== Provided data ==
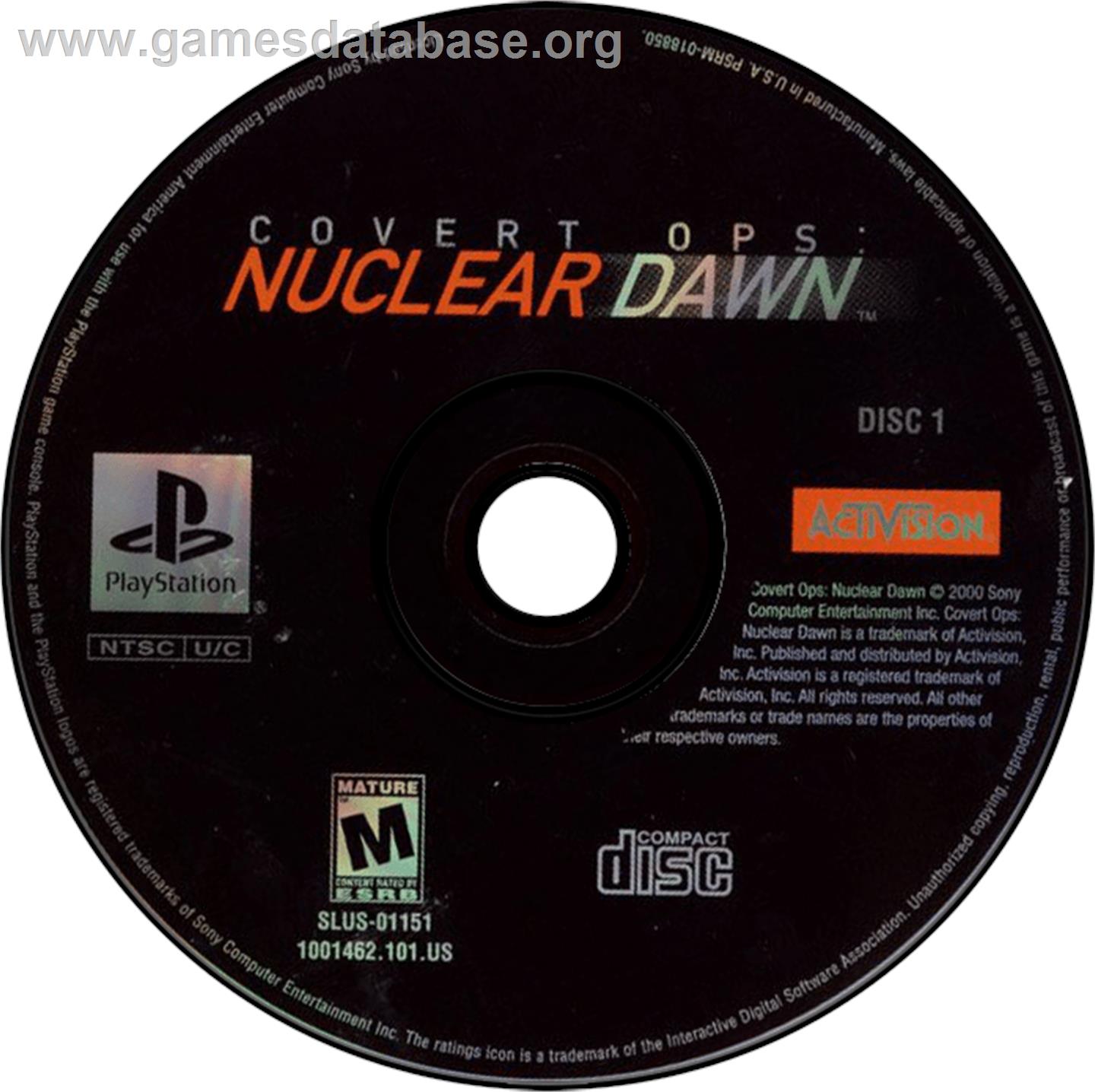 Covert Ops: Nuclear Dawn - Sony Playstation - Artwork - Disc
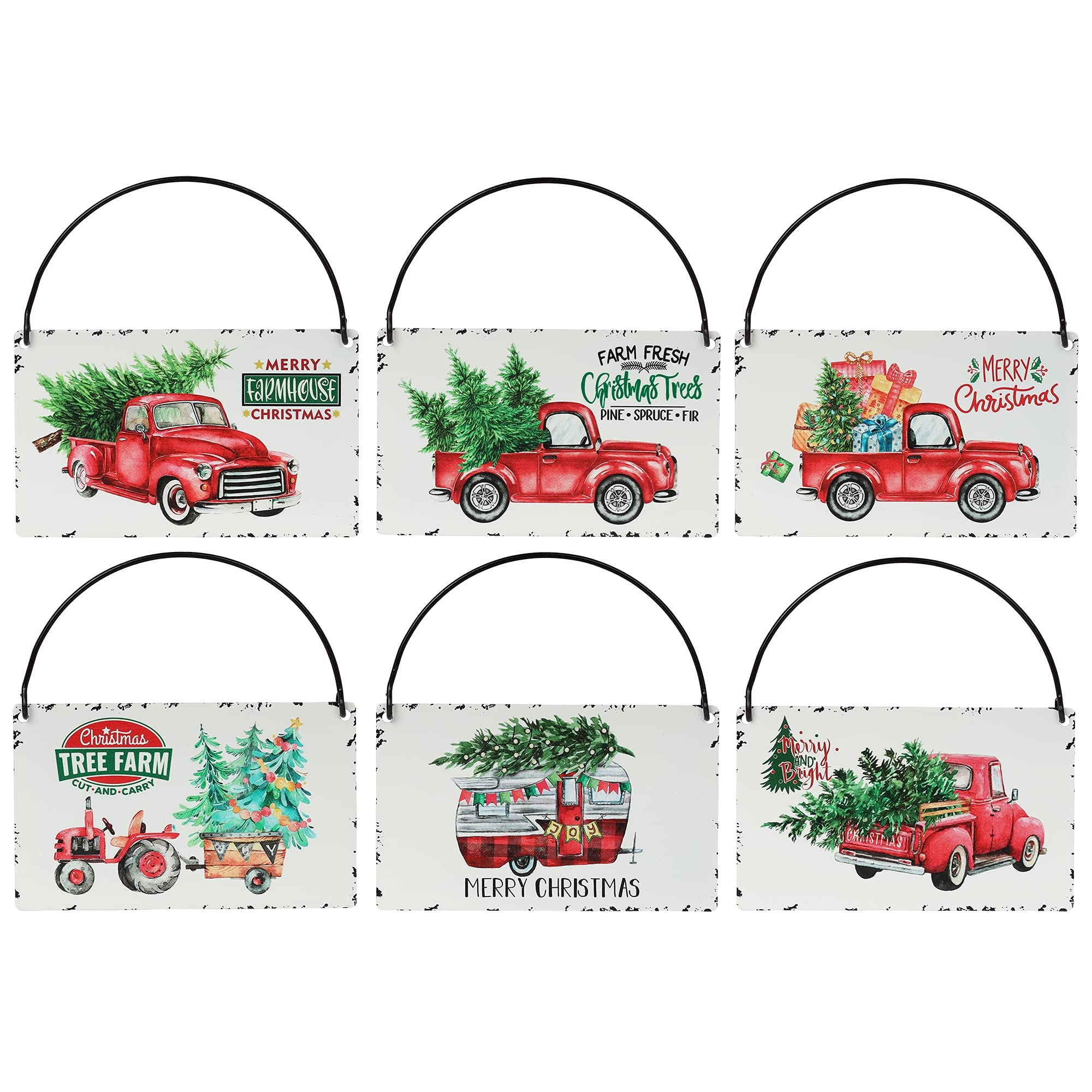 Amazon Rustic Red Truck Christmas Ornaments Set Of 6 Farmhouse Enamel Hanging Signs For Christmas Tree Decorations Home Holiday Decor Home Kitchen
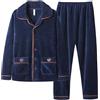 Generisch Pigiama in pile da uomo, lungo, in due pezzi, per l'inverno, caldo, ispessito, in flanella, con bottoni, a maniche lunghe e pigiama da uomo, O blu scuro, XXXL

== Problem to work on ==
Retype all the data exactly, please, without pictures.

== Task answer ==
 Covert Ops: Nuclear Dawn - Sony Playstation - Artwork - Disc
 Amazon Rustic Red Truck Christmas Ornaments Set Of 6 Farmhouse Enamel Hanging Signs For Christmas Tree Decorations Home Holiday Decor Home Kitchen
 Generisch Pigiama in pile da uomo, lungo, in due pezzi, per l'inverno, caldo, ispessito, in flanella, con bottoni, a maniche lunghe e pigiama da uomo, O blu scuro, XXXL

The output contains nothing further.